To ensure sufficient progress is being made, a report will be produced every two years, with the EU executive reserving the right to introduce new measures it it finds that the targets are in danger of being missed. A full review will be carried out in 2028 – roughly the midway point from now until the ban on the sale of polluting vehicles.
Asked about consumer concerns regarding the higher price of electric vehicles compared to their fossil fuel counterparts, an EU official said the upfront price of electric vehicles was expected to fall in the coming years. The total cost of ownership, which takes into account fuelling costs, is expected to dip below current ICE vehicles as soon as 2027, the official said.
Europe’s auto industry behemoths are widely expected to handle the transition to electric vehicles, with many of them already restructuring the production to e-mobility. However, smaller manufacturers and parts manufacturers are likely to be worst affected by the coming transition.
“For the car industry, I don’t think this is a huge problem,” said Peter Liese, a German Christian Democrat lawmaker who is a key ally of Chancellor Angela Merkel in the European Parliament. “But we also have thousands of SMEs that produce parts of the combustion engine.
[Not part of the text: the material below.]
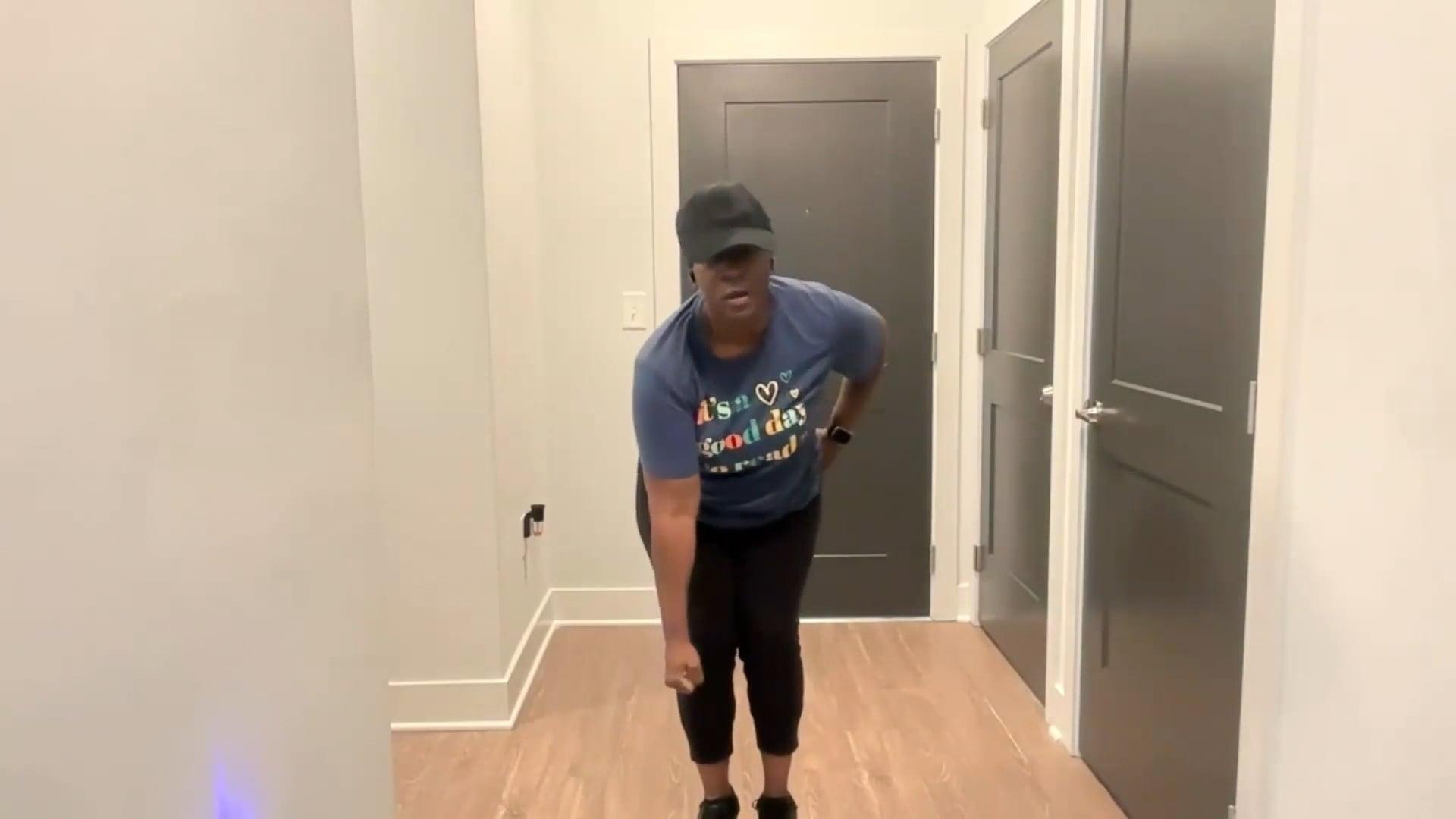 Ompractice teacher Tasha Edwards bending forward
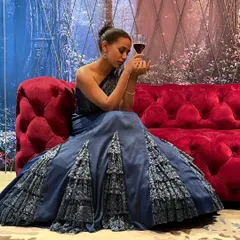 In a moment of quiet contemplation, the full splendor of this blue mermaid gown is on display, perfect for an evening of elegance and celebration.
And for them, 2035 is quite soon and they will be challenged by that.”
The Commission said it will provide “upskilling and retraining possibilities” for those likely to be left jobless by the downturn in industries connected to manufacturing internal combustion engines.
How clean are electric vehicles?
The announcement will put a renewed focus on the sustainability of battery-powered electric vehicles, which have been given a major boost by today’s announcement.
Speaking to journalists, Peter Liese said the centre-right EPP group in the European Parliament was “very concerned” about the way in which the European Commission is planning to measuring car emissions.
“Electric vehicles are not really carbon neutral – even though they are the best in my view to reduce emissions in road transport – because the electricity is not carbon neutral,” he said at a press briefing on Wednesday.
“We are still convinced at the EPP that we need also some alternatives, especially for lorries and other niche markets where electricity will probably not do the job. So we push the Commission for a more open technological approach.”
Liese criticised the choice of 2035 for the vehicle emissions ban, arguing that it does not provide sufficient time for small businesses whose livelihoods depend on internal combustion engine production to adapt.
But clean mobility NGO Transport & Environment welcomed the announcement, calling for the switch to clean vehicles to happen prior to the EU’s deadline.
“This is a turning point for the auto industry and good news for drivers. The new EU rules will democratise electric cars and give a major boost to charging, meaning clean cars will soon be affordable and easy to charge for millions of Europeans,” said William Todts, executive director of Transport & Environment (T&E).
EU focus on transport sector
The new regulation on car’s CO2 emissions is part of a broader package of energy and climate laws that is aimed at reducing the bloc’s emissions by 55% by 2030.
Much of the new legislation is aimed at the transport sector, a sector Europe has struggled to decarbonise until now.
For many transport companies, the green rules will fundamentally alter their business operations, forcing them to pivot towards cleaner technology and fuels.
To facilitate the roll out of zero-emission vehicles, the Commission aims to push up the number of charging and fuelling points along major highways. The EU executive set a target to install an electric charging point every 60 kilometres, with a hydrogen refuelling station every 150 kilometres.
In the field of aviation, EU transport commissioner Adina Vălean confirmed that the EU will impose a green jet fuel mandate on all flights refuelling at EU airports, with kerosene required to include a blend of at least 5% sustainable aviation fuel by 2030.
In the shipping sector, the FuelEU Maritime regulation aims to boost the uptake of sustainable maritime fuels. The regulation sets a limit on the greenhouse gas content of the energy used by ships that land at European ports.